I terrazzamenti sono mantenuti a prato, testimoniando la transizione della vocazione di Campsirago, da borgo agricolo a borgo residenziale. Lasciando alle spalle le ultime case, prima del grande parcheggio della frazione, svoltare a sinistra e seguire il sentiero n. 1.

Questo consente, attraverso una millenaria mulattiera, di camminare agevolmente in bosco per due chilometri fino alla frazione di Mondonico.
Durante il percorso è interessante notare muri a secco di buona fattura e efficienti opere di ingegneria idraulica per governare i numerosi affluenti del torrente Molgora che nascono proprio in questa valle.

Degna di nota, nei pressi della località Campione, è la presenza di un enorme masso coppellato in arenaria, importante reperto archeologico che attesta la presenza dell’uomo ancora prima dell’Età del Ferro.
Prima di arrivare a Mondonico, una evidente mulattiera sulla sinistra invita a raggiungere il vecchio nucleo rurale con un piccolo oratorio dedicato al Santo Crocifisso.

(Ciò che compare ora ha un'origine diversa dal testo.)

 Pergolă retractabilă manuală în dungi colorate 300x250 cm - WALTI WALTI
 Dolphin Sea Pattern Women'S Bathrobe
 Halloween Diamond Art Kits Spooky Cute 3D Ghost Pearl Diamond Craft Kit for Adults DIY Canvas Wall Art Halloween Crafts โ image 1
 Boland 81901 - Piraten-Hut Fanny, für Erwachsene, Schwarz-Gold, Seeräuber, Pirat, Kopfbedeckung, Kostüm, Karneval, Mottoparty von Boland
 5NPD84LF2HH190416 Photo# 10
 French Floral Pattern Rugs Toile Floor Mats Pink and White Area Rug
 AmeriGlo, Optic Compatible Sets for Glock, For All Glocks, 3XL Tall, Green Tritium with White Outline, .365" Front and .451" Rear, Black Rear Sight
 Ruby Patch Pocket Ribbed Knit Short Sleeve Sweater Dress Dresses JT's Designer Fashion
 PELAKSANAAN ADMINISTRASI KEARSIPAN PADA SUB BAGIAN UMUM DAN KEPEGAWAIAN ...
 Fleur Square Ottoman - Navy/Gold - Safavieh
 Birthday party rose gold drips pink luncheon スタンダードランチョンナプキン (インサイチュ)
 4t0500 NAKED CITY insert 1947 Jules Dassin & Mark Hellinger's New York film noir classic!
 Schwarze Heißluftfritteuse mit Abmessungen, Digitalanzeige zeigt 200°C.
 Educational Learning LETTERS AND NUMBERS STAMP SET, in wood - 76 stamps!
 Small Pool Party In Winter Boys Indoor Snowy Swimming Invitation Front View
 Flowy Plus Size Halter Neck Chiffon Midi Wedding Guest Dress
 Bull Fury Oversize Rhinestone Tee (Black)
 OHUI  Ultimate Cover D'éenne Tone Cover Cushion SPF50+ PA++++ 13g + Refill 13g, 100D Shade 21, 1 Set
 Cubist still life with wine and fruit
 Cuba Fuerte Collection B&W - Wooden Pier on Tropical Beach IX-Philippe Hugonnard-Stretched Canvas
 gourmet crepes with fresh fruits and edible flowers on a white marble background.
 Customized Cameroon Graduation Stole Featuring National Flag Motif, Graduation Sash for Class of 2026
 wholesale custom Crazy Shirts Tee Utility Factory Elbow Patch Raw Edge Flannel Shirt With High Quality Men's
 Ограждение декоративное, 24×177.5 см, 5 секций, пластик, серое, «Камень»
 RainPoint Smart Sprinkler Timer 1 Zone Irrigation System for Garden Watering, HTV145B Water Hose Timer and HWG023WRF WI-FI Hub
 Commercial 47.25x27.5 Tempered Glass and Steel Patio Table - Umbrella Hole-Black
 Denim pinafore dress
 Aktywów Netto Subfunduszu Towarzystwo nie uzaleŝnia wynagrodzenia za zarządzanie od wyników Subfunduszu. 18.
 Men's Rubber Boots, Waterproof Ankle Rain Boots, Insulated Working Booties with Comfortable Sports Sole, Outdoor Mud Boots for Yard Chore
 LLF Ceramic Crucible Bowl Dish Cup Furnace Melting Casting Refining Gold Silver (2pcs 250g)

La località è nota con il nome di il Casino e il toponimo potrebbe riferirsi all'uso di uno degli edifici come residenza rurale signorile adibita all'attività venatoria.

Passando a lato dell’Oratorio del Santo Crocifisso, il percorso fiancheggia notevoli muri a secco e terrazzamenti abbandonati, invasi dai rovi. Il bosco terrazzato ha preso il sopravvento sia a valle che a monte del percorso. Dopo aver oltrepassato un caseggiato bianco sulla sinistra, chiamato Cà Bianca, il sentiero si dirama in un bivio. Piegare a destra e al masso erratico con una piccola cappelletta votiva alla Madonna proseguire a sinistra verso Monasterolo attraversando la Valle del Corna, dove scorre l’omonimo torrente.

Sotto l’abitato di Monasterolo, prendere la direzione per Olgiate Stazione, scendendo per una suggestiva mulattiera tra terrazzamenti e alti muri a secco fino all’imbocco del sentiero a destra, che conclude l’anello e arriva alla stazione di Olgiate Molgora.